▶ YOUR INSTRUCTIONS:
Below this line is a listing that includes pictures. Copy exactly, and only, the lines from the one containing "Pere regardant son" through the one containing "beetroot slices isolated"; the pictures do not go in the copy.

▶ MATERIAL PROVIDED:
══════════
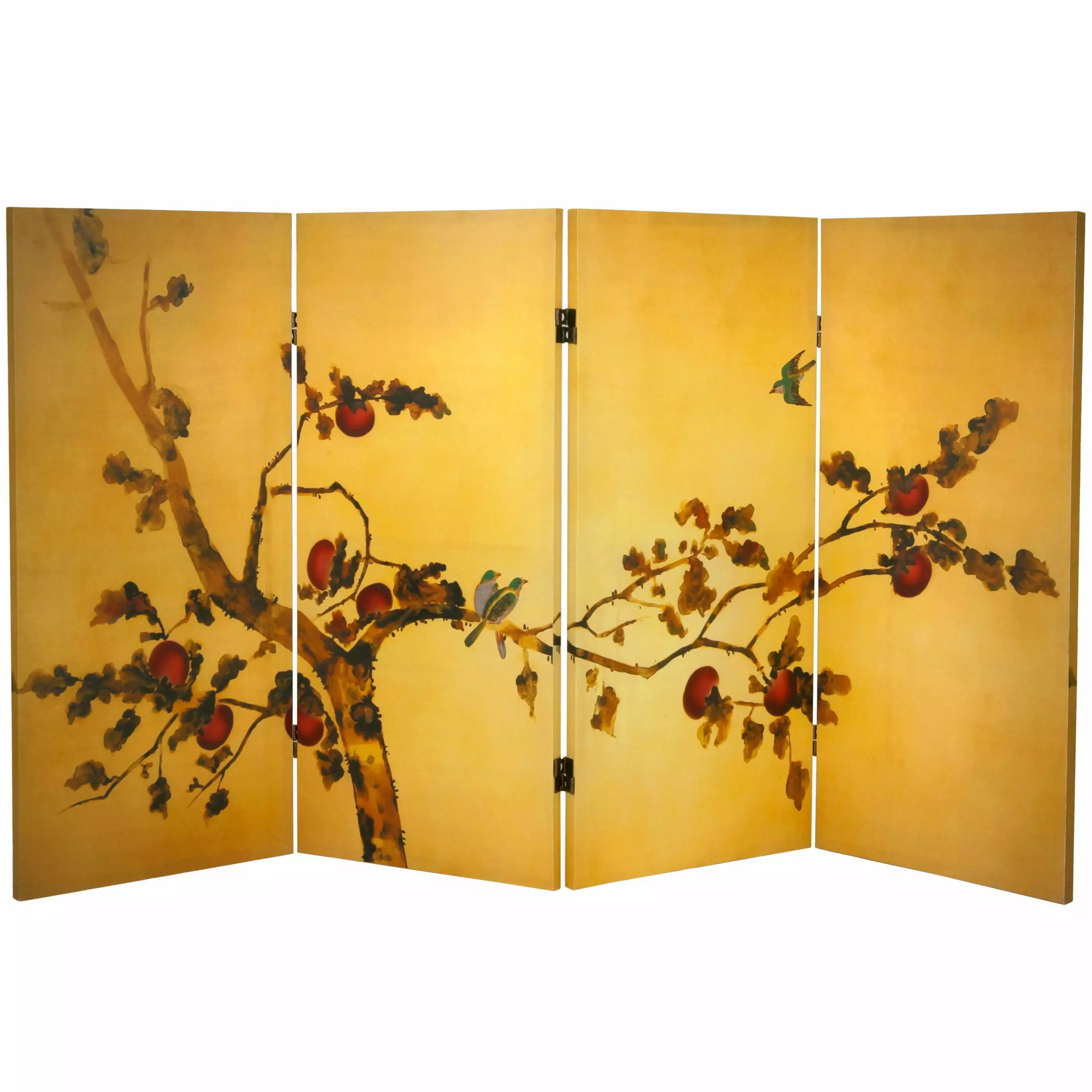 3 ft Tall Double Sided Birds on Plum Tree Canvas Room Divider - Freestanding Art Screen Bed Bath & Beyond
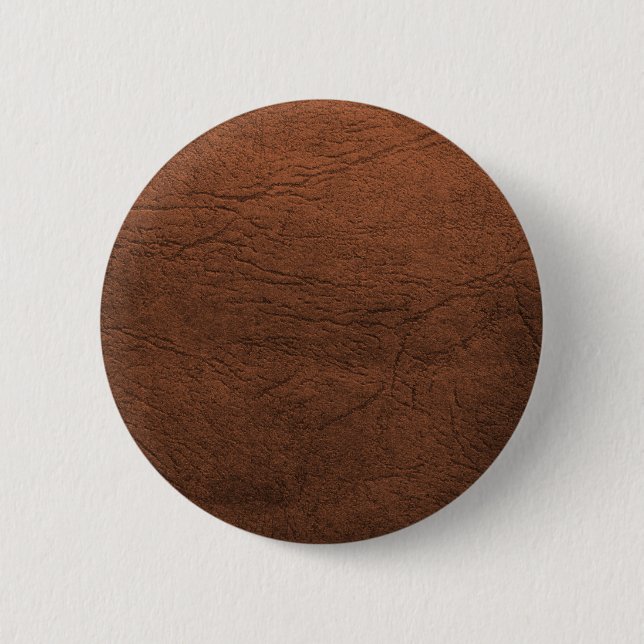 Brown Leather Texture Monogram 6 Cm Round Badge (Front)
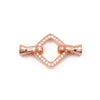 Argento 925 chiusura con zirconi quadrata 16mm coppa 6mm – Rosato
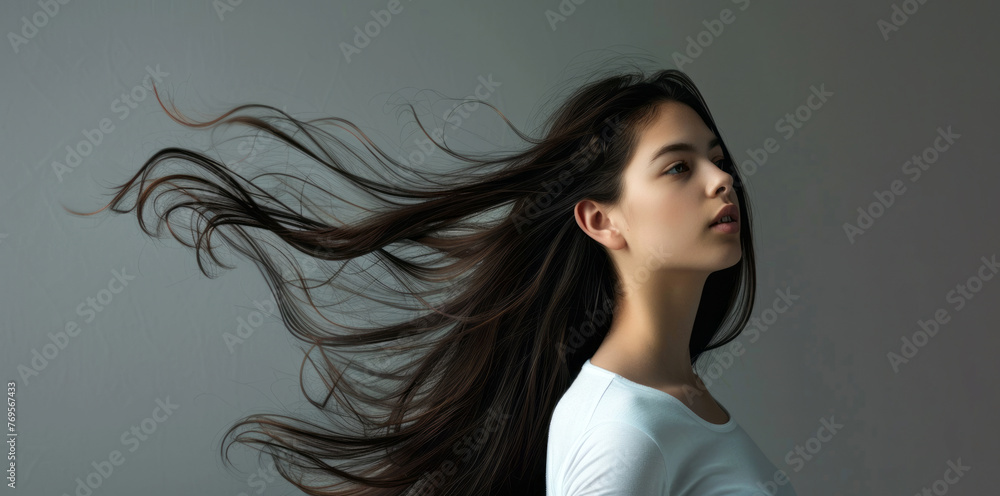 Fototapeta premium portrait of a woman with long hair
══════════
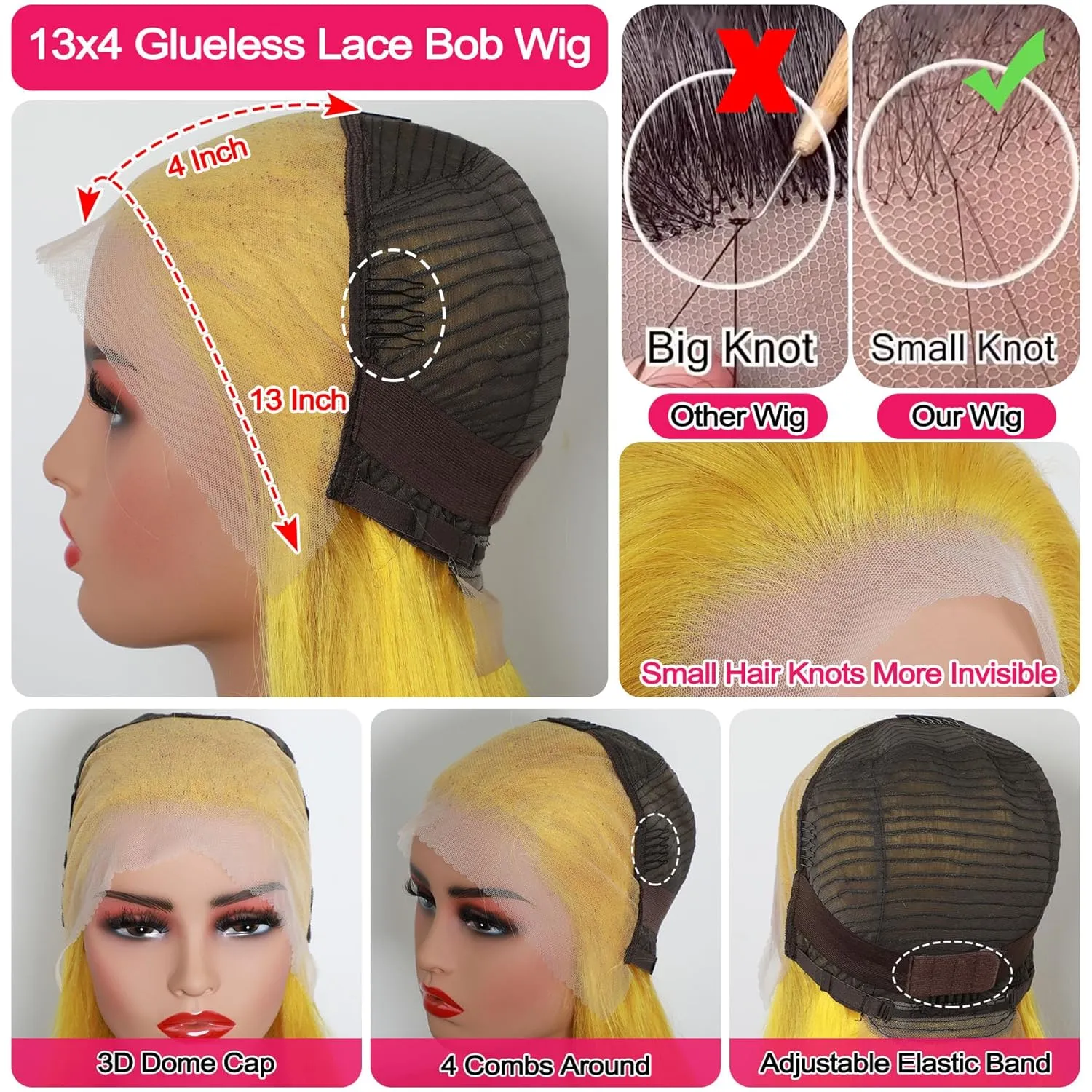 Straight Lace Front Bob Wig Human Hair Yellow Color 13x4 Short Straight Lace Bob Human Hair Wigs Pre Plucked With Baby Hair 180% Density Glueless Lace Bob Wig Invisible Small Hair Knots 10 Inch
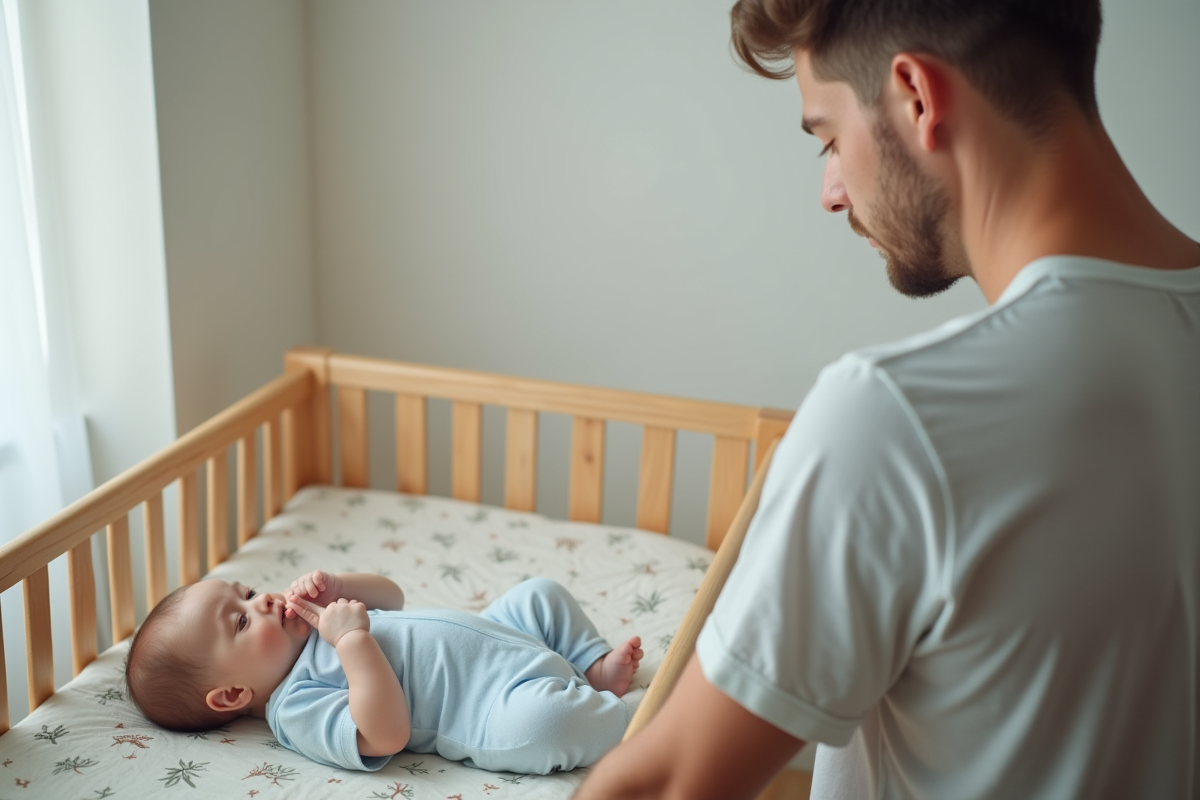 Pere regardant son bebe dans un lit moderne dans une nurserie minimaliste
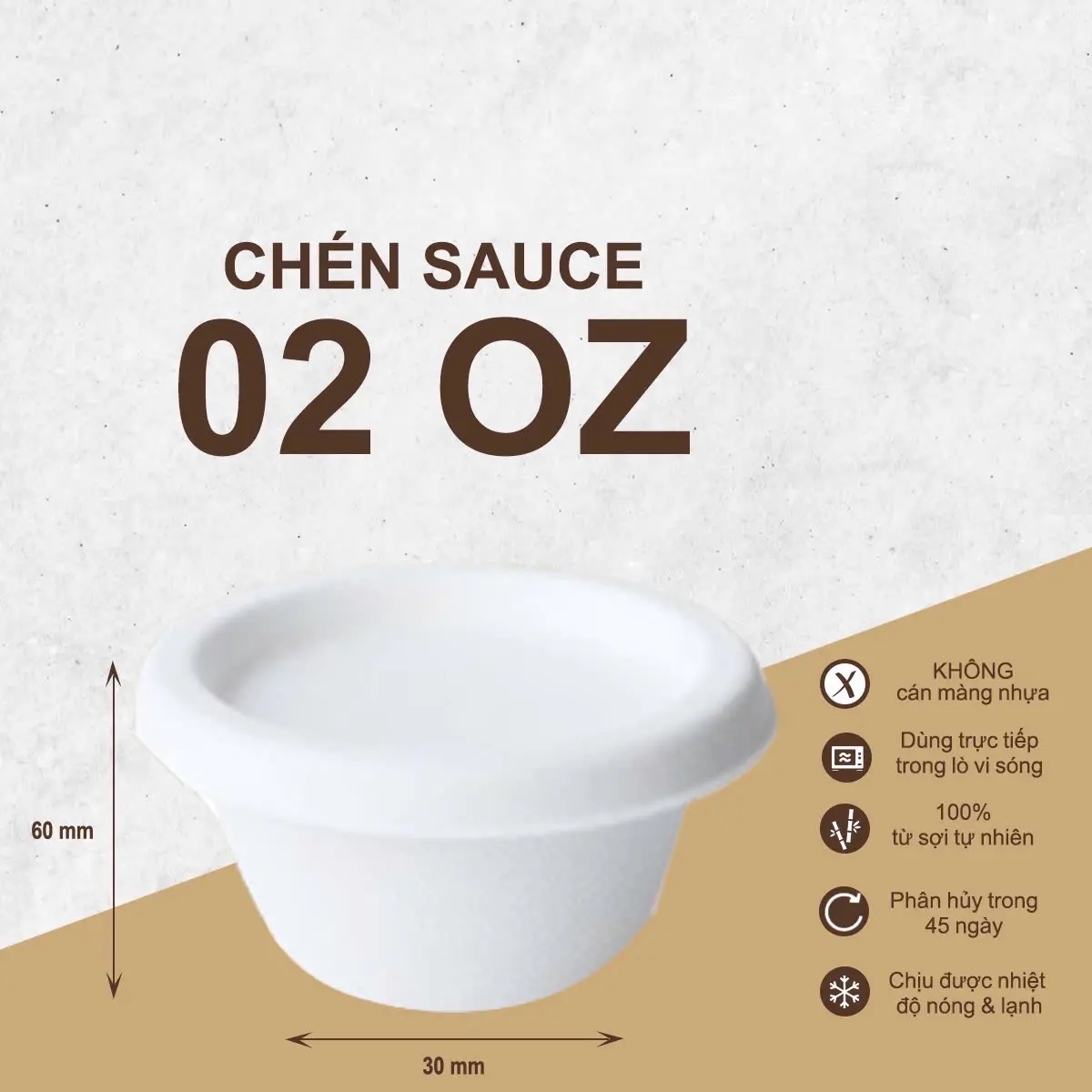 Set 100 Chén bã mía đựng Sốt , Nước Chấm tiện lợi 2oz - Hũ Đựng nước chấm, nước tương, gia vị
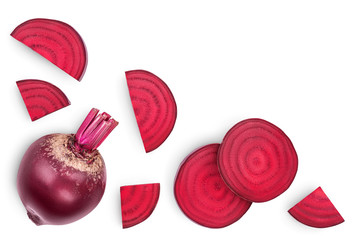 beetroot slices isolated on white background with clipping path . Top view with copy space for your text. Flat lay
══════════
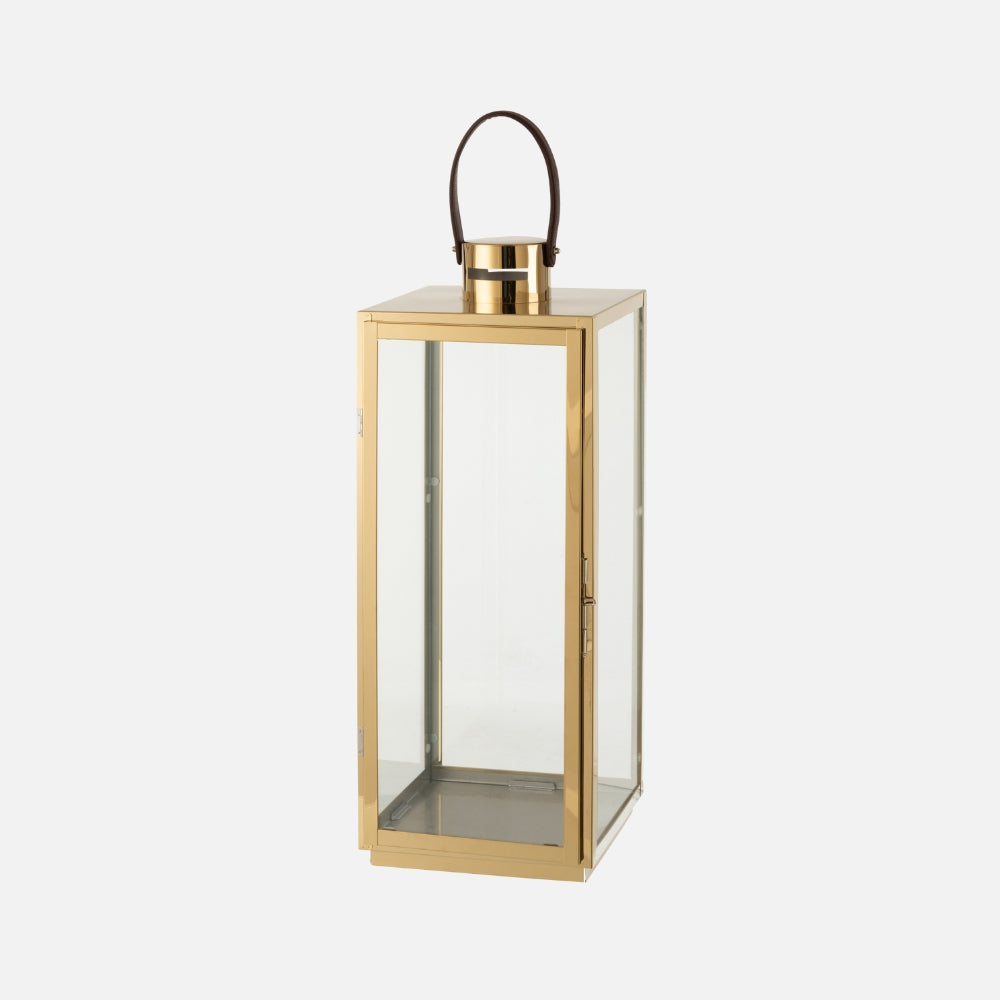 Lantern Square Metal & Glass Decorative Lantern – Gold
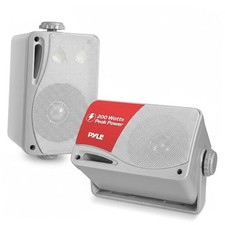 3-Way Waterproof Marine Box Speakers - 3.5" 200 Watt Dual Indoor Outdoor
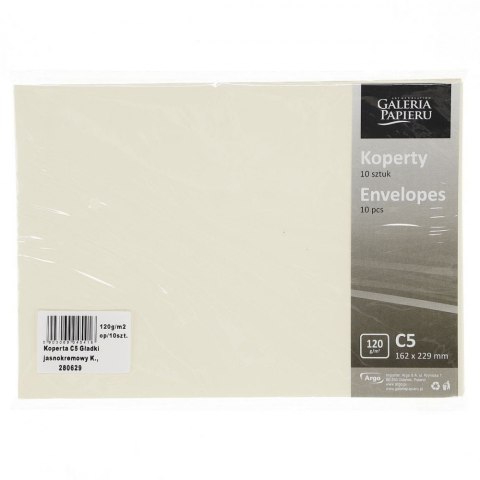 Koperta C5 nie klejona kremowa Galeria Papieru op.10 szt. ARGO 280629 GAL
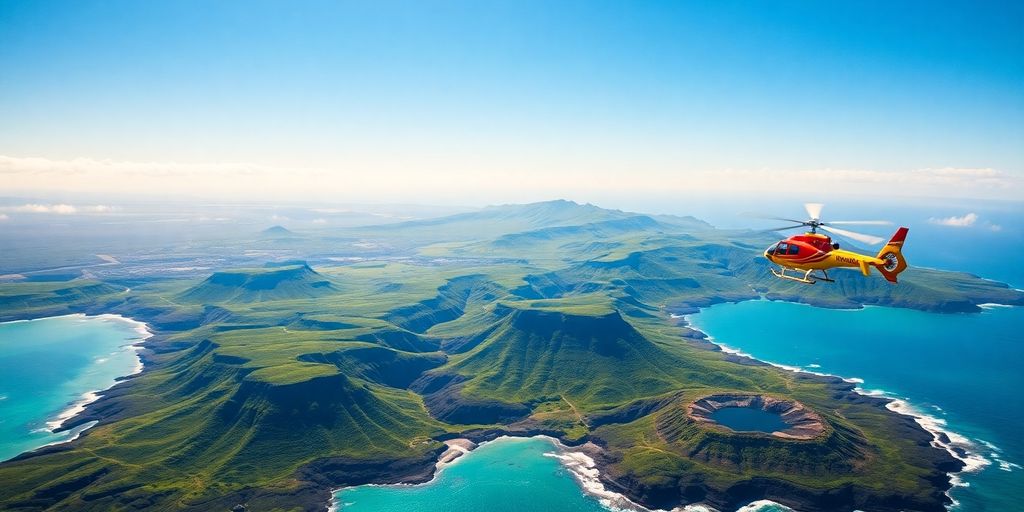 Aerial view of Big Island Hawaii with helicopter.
══════════
▶ RESPONSE BOX:
 Pere regardant son bebe dans un lit moderne dans une nurserie minimaliste
 Set 100 Chén bã mía đựng Sốt , Nước Chấm tiện lợi 2oz - Hũ Đựng nước chấm, nước tương, gia vị
 beetroot slices isolated on white background with clipping path . Top view with copy space for your text. Flat lay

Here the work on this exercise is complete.